Because you've tortured me. Tormented my very soul and shook my principles to the core. Cut through my psyche like an acetylene torch through a Aleoca frame. And yet you appear innocuous, seemingly oblivious to how you've disassembled my mental world like a wheel being de-spoked. Slowly, surely, becoming an empty shell. This post is for you. Just to inform. That you've succeeded beyond your wildest dreams or hopes. That my mind lies in tatters; my very existence an empty shell. I coast bewilderedly along the unpaved dirt road of life, cranking only when my plummeting velocity threatens to destroy my equilibrium entirely. Knowing that my cleats are fouled, that I can't unclip till I find a support to lean against. Yet, what little havens there were, you destroyed. You tailed me down the treacherous drops, before nudging me into the filthiest ditch you could seek. Only sheer skill and mucle memory has brought me this far. I'm on autopilot. My wheelset creaks; my spokes are a forlorn mess, sagging and twisted, torquing the wheel to nearly unrideable dimensions. My seatpost sways and buckles. My frame shudders and shimmies, and I don't even know why. The worst thing is that I don't even understand what you gain from this. Maybe only you alone know the truth.

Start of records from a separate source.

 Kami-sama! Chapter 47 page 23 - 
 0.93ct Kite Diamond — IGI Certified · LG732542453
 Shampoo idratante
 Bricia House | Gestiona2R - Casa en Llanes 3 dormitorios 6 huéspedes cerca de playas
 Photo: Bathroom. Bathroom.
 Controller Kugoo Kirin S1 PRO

But, if you plumb deep within your soul, if you conclude that your depraved actions were but an act of untold folly, of delusion and madness, if you decide to actually care, then know this. Know that in these days the path I ride runs along the borders of the humane mind. Know that I teeter on the fault line of reality. Know that somewhere in the wilderness of my mind, there's a figure, his jersey ripped, his helmet fissured, his gloves bearing the scars of numerous suicide skids; his spokes, corroded, snapping off one by one, wheels buckling slowly but surely; you realize from that weary grip on the bars that only raw skill and experience has guided him through the long miles behind. Yet the whitening of the knuckles forewarns that skill is not forever; that without a place of respite, a haven where he may recuperate, lick wounds both mechanical and organic, and rebuild his consciousness for the arduous journey to come, he won't make it. Fatigue triumphs in the end; the torso slumps, the chain slackens, and the clatter of the cranks echoes the wrenching death knell of the creased frame alloy. But for now, the figure rides on, clinging to the last vestiges of hope. Intervention on your part is still possible. But the end isn't far away.
~Ride fast, Ride Safe.~
Thursday, 20 September 2007
Sunday, 16 September 2007
Overhaul and maintenance.
Recently, Iwas doing prelim maintenance on my ride. Meaning that I clean the chain, wipe off fouling from the cassette, and lube the whole thing. Polishing the frame and derailleurs. Lubing the gear mechs. Checking for spoke fatigue. All the greasy but neccessary crap. It just made me think...what's my bike to me? I've come pretty far from being that snot-nosed kid who thought that singlespeeds were cool 'cos you could pedal like a maniac on them. Back then, my mech was nothing more than a more dangerous toy, an alternative form of entertainment. Lately, I've realized this isn't the case. My buddies tell me that on the pedals, I'm a whole different person. I prefer to think that the bike infuses its personality into me. Being on it just opens up my world; introduces new dimensions. All the crazy skids, switchblades, jumps I pull off...it's just not who I usually am. Yet I've been there, done that. Sure, there's been a wipeout or two here and there 'cos I didn't pay attention to what I was doing. Yet I'm not haunted by these failings. I consistently bite off more than I can chew, yet I routinely survive those sticky situations. I've never been forced to endure the humiliation of doing a flip over my own handlebars and being run over by my bike, something touted as a coming-of-age ritual for most mountain bikers. Why? I realize my bike is no longer a metal mech. It's become, in many ways, a part of me; in fact, it's a neccessary extension of myself. I'm told not many cyclists have the chance to feel this way. I guess I'm rather lucky. Or, to be narcissistic, I could say it's natural talent. It means the same thing to me.